Exercise prompt >>
Below is a listing. Set down exactly the lines from the one containing "Lifting and Pelvic Health Blog 3" through the one containing "Great Egrets 4787-010321", both ends included, and leave out the rest.

Records supplied >>

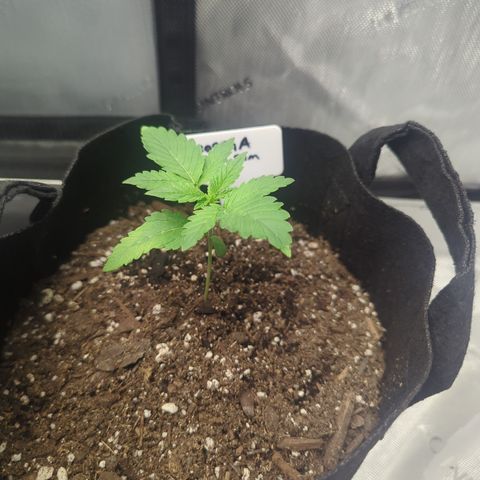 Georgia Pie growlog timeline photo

...

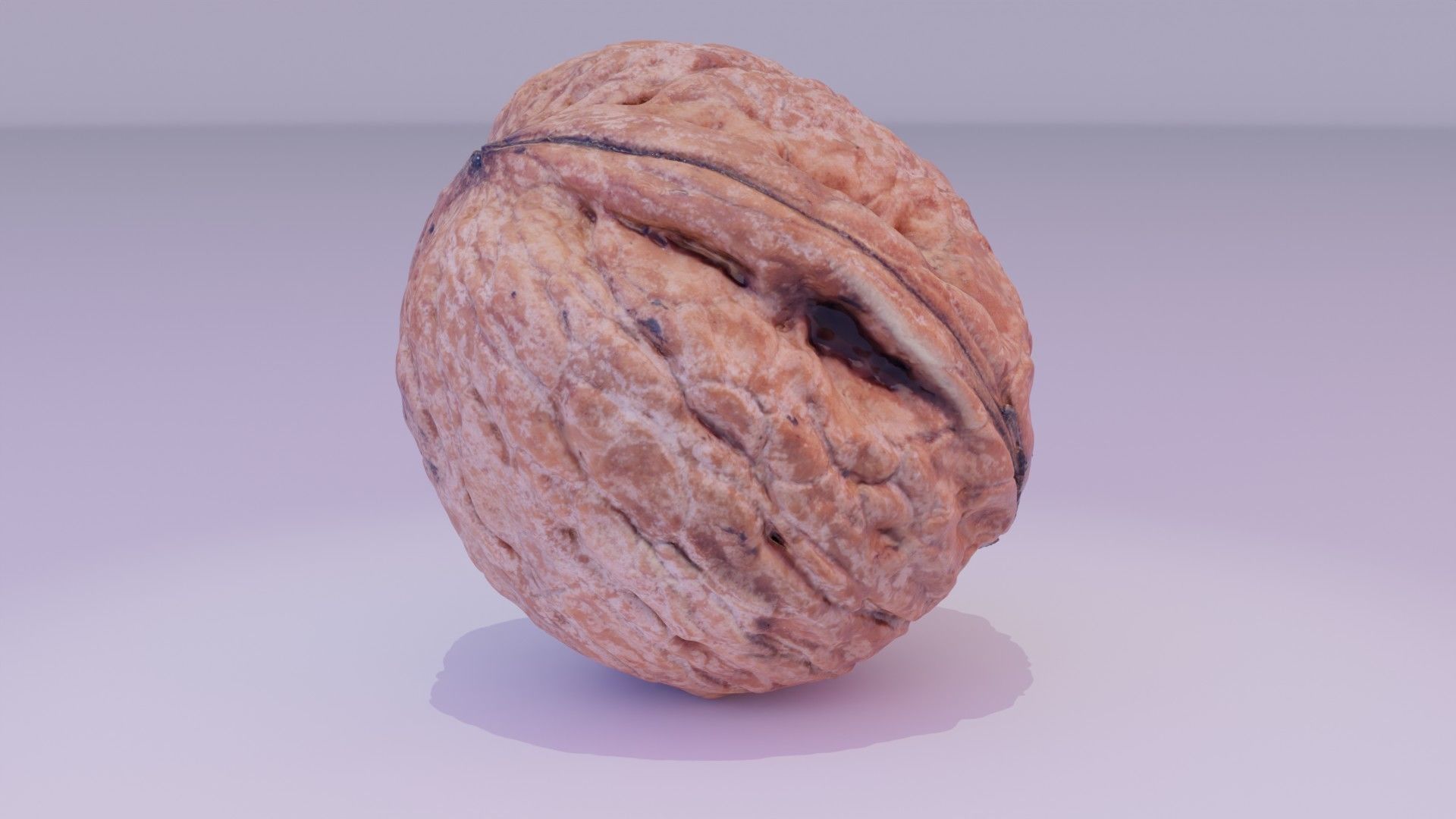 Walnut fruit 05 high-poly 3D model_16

==

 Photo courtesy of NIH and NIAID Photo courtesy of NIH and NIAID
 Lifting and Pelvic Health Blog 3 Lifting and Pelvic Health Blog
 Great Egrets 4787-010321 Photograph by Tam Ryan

Reply >>
 Lifting and Pelvic Health Blog 3 Lifting and Pelvic Health Blog
 Great Egrets 4787-010321 Photograph by Tam Ryan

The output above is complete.